Perspektivenworkshop im Treffpunkt 29 in Luckenwalde Perspektivenworkshop im Treffpunkt 29 in Luckenwalde
Perspektivenworkshop im Treffpunkt 29 in Luckenwalde

Von Liza Ruschin und Peter Mann

Klimawandel, Energiesicherheit und Umweltschutz sind Themen von globaler Bedeutung, die insbesondere die jüngere Generation stark beschäftigen. In der Stadt Luckenwalde wurde ein wegweisendes Pilotvorhaben zur Kinder- und Jugendbeteiligung am Klimaschutz- und Energiekonzept (KEK) ins Leben gerufen, das über ein Jahr dauerte und in sechs Schritten umgesetzt wurde. Dieser Artikel wirft einen Blick auf diesen Prozess, der von einer Steuerungsgruppe begleitet wurde und zu vier beteiligungsrelevanten Maßnahmen geführt hat, um die Zukunft der Stadt nachhaltiger zu gestalten.

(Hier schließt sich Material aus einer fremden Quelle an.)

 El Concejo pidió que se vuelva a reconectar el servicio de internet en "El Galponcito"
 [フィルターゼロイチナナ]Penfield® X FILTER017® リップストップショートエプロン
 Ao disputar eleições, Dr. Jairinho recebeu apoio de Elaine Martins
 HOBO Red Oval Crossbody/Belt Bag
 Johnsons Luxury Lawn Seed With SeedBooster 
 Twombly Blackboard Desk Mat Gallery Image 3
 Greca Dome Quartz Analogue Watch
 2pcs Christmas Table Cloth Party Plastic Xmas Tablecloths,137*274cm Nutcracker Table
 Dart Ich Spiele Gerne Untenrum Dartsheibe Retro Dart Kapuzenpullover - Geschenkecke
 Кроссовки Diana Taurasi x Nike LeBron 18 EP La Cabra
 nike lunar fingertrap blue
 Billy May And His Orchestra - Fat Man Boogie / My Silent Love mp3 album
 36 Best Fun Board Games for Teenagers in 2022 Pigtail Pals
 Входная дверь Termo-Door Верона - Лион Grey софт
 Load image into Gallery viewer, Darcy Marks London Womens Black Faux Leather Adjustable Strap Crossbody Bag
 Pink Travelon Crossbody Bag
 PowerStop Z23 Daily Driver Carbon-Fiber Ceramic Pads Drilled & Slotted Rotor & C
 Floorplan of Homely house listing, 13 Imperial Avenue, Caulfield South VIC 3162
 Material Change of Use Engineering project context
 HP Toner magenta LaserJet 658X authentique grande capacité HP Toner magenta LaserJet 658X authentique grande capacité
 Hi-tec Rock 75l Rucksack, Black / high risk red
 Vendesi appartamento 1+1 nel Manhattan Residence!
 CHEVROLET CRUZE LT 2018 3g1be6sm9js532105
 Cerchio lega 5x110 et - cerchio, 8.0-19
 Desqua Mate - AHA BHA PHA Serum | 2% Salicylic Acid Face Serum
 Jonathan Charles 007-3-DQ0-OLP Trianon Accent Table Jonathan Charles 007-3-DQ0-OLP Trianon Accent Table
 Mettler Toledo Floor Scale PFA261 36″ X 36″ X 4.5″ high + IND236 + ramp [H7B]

Die ersten Schritte im Rahmen des Pilotvorhabens zur Kinder- und Jugendbeteiligung dienen der Klärung der Machtfrage. Zur Beantwortung dieser Frage werden so genannte Perspektivenworkshops durchgeführt. Perspektivenworkshops sind strukturierte und partizipative Workshops, die dazu dienen, die Interessen, Anliegen und Mitwirkungsbereiche von Kindern und Jugendlichen sowie die Bereitschaft von Erwachsenen zur Delegation von Verantwortung zu identifizieren.

Im Kontext der Beteiligung von Kindern und Jugendlichen haben Perspektivenworkshops zwei Hauptziele:

  • Herausfinden der Themen, an denen Kinder und Jugendliche teilnehmen, mitreden oder (mit-) entscheiden möchten: In diesen Workshops werden Kinder und Jugendliche eingeladen, ihre Ansichten, Anliegen und Interessen zu äußern. Dies ermöglicht es, die Themen und Bereiche zu identifizieren, die für sie von besonderem Interesse sind und in denen sie aktiv mitwirken möchten.
  • Ermitteln der konkreten Möglichkeiten zur Machtdelegation an Kinder und Jugendliche: In Workshops mit Entscheidungsträgern geht es darum, gemeinsam zu erörtern, an welchen konkreten Stellen oder Maßnahmen in Projekten, Programmen oder der Gemeinschaft die Möglichkeit besteht, Verantwortung und Entscheidungsbefugnis an Kinder und Jugendliche abzugeben. Dies erfordert eine offene Diskussion darüber, wie die Mitwirkung und Mitgestaltung von jungen Menschen in die Praxis umgesetzt werden können.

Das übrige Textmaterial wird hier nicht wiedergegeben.